I don't like clamping on any frame tube, least of all a hexagonal carbon one.


----------



## Mr Pig (Jun 25, 2008)

Cleared2land said:


> Why not just use the seat tube to clamp on?


It's not always possible. I reckon clamping high on the seat-tube should be safe enough from a structural point of view but often it can't be done. The stays force the clamp further down where bottle mounts, suspension components or other obstructions make it impossible to get the clamp on.


----------



## Cleared2land (Aug 31, 2012)

Cleared2land said:


> Why not just use the seat tube to clamp on? No paint damage related issues.


I said seat tube, but I meant seat post.

Damn


----------



## J.B. Weld (Aug 13, 2012)

^you're forgiven. Seatpost is best for sure but droppers are making that harder.


----------



## adriano (Apr 26, 2007)

Cleared2land said:


> Why not just use the seat tube to clamp on? No paint damage related issues.

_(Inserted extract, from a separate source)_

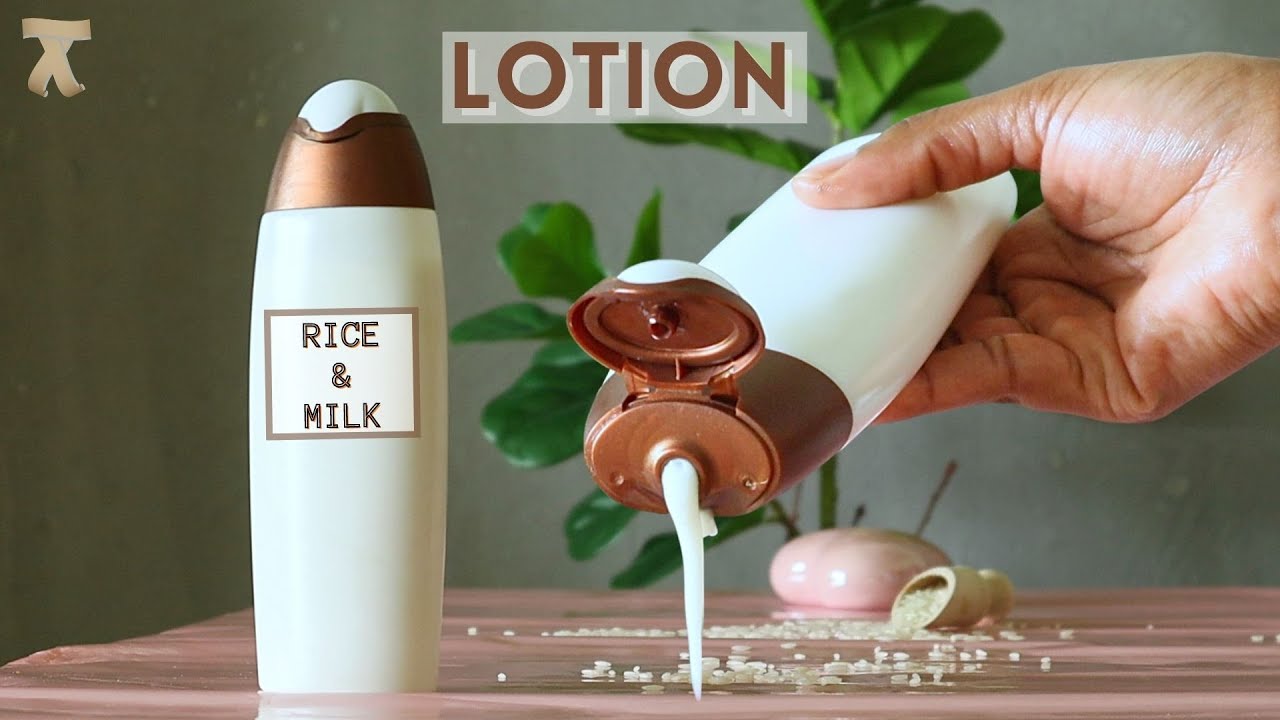 Homemade rice and milk body lotion for fair skin Korean inspired skin secret pic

Sure. That's what i am doing now. It's OK but i cannot use the integrated tray. A minor nuisance, i concede.


----------



## Mr Pig (Jun 25, 2008)

What we need is a bit of initiative from the industry here. Instead of giving us yet another axle or wheel size, how about a better bike stand eh guys?

Look at the motor trade. They had trolley jacks, then car lifts and then four-arm lifts. They got some development.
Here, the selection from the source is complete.